An Academic Workshop, Public Conference, and Edited Book

 



 
 

Few problems loom larger in contemporary European policy debates – or in US perceptions of the EU – than the interrelationship between labor market institutions, public welfare policies, and employment. Critics on both sides of the Atlantic point to Europe’s supposedly “inflexible” labor markets and “excessively generous” social welfare systems as reasons why Europe has higher levels of unemployment and lower rates of job creation than the United States. Many fear too that European Economic and Monetary Union will exacerbate such disparities by integrating within a single currency zone countries with widely different standards of wages, productivity, and social benefits but without US levels of job mobility and interregional transfers to compensate for asymmetric shocks.

Yet a growing body of scholarship suggests that European realities may be more complex.  Not only are average levels of earnings inequality much lower in most EU member states than in the US, but there appears to be no close statistical correlation within Europe itself between high levels of employment protection or social welfare provision on the one hand and high rates of unemployment on the other. A number of European countries have sharply reduced unemployment to near-US levels during the late 1990s without sharp increases in inequality through various combinations of consensual wage restraint, negotiated reform of public welfare programs, labor market activation policies, and intensive training/retraining efforts. While the EU and its member states undoubtedly have much to learn from the United States’ extraordinary record of job creation, they may also be able to teach the US a lot about the role of labor market equity and social protection in sustaining popular support for continued deepening of international economic integration.

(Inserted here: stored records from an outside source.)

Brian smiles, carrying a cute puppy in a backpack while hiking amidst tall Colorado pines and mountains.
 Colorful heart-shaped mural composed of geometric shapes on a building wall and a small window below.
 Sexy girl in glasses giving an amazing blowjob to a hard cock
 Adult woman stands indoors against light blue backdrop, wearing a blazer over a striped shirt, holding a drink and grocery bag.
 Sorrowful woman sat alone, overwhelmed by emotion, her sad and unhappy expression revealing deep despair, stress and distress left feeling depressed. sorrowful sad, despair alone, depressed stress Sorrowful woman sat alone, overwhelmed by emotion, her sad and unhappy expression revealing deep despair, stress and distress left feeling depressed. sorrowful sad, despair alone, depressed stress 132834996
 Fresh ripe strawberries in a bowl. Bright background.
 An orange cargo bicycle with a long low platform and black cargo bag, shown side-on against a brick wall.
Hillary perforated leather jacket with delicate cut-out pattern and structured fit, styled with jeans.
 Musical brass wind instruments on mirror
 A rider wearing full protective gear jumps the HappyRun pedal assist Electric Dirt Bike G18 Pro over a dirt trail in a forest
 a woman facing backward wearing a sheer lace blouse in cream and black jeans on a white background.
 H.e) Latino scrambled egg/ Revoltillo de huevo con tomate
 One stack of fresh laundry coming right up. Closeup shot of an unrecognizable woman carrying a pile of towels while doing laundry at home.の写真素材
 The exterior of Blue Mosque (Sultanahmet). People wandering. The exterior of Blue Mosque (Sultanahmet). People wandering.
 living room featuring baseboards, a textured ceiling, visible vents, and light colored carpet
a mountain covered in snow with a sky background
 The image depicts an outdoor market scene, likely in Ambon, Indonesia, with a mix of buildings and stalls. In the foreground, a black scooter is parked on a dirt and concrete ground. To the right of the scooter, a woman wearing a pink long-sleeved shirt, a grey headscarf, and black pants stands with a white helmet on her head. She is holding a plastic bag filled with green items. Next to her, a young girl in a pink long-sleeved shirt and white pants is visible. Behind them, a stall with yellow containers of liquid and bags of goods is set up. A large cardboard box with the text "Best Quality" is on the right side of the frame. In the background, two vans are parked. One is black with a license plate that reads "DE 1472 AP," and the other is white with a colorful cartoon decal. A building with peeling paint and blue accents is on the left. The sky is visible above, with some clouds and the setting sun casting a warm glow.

Following a highly successful planning workshop in April 2000, the European Union Center of the University of Wisconsin-Madison will hold a major academic conference on this theme in Madison on May 10-12, 2001, with participation from a leading group of European and American scholars. The revised conference papers will form the basis of a collective volume, to be edited by the center directors Jonathan Zeitlin and David Trubek for eventual publication by a major university press.


Participants in the May 2001 workshop.


Europe

Adalbert Evers (Professor for Comparative Health and Social Policy at the Justus Liebig University in Giessen)

Maurizio Ferrera (Professor of Administrative Science, University of Pavia/Director of the Center for Comparative Politics “Poleis”, Bocconi University, Milan/Robert Schuman Centre, European University Institute)

Janine Goetschy (Senior Research Fellow, CNRS Research Group on “Work and Mobility”, University of Nanterre/Institut d’Études Européennes, Université Libre de Bruxelles)

Anton Hemerijck (Professor of Comparative Public Policy, University of Leiden/Max Planck Institute for the Study of Societies, Cologne)

Ida Regalia (Professor of Sociology, University of Milan/Vice President, Institute of Economic and Social Research [IRES], Lombardy)

Martin Rhodes (Professor of Public Policy, European University Institute, Florence) 

Robert Salais (Director, CNRS Research Group on Institutions and Historical Dynamics of the Economy/École Normale Supérieure de Cachan)

Alain Supiot (Professor of Law, University of Nantes)

US

Richard Freeman (Herbert S. Ascherman Professor of Economics, Harvard University/Vice-Director, Centre for Economic Performance, London School of Economics) 

Laura Dresser (Research Director, Center on Wisconsin Strategy, UW-Madison)

Joel Handler (Professor of Law, UCLA Law School/Professor of Policy Studies, UCLA School of Public Policy and Social Research)

Alan Hyde (Professor and Sidney Reitman Scholar at Rutgers University School of Law in Newark)

Jim Mosher (Doctoral Candidate in Political Science, UW-Madison/Jean Monnet Research Fellow, European University Institute, academic year 2000-2001)

Paul Osterman (Professor of Human Resources and Management, Institute for Work and Employment Research, Sloan School, Massachusetts Institute of Technology)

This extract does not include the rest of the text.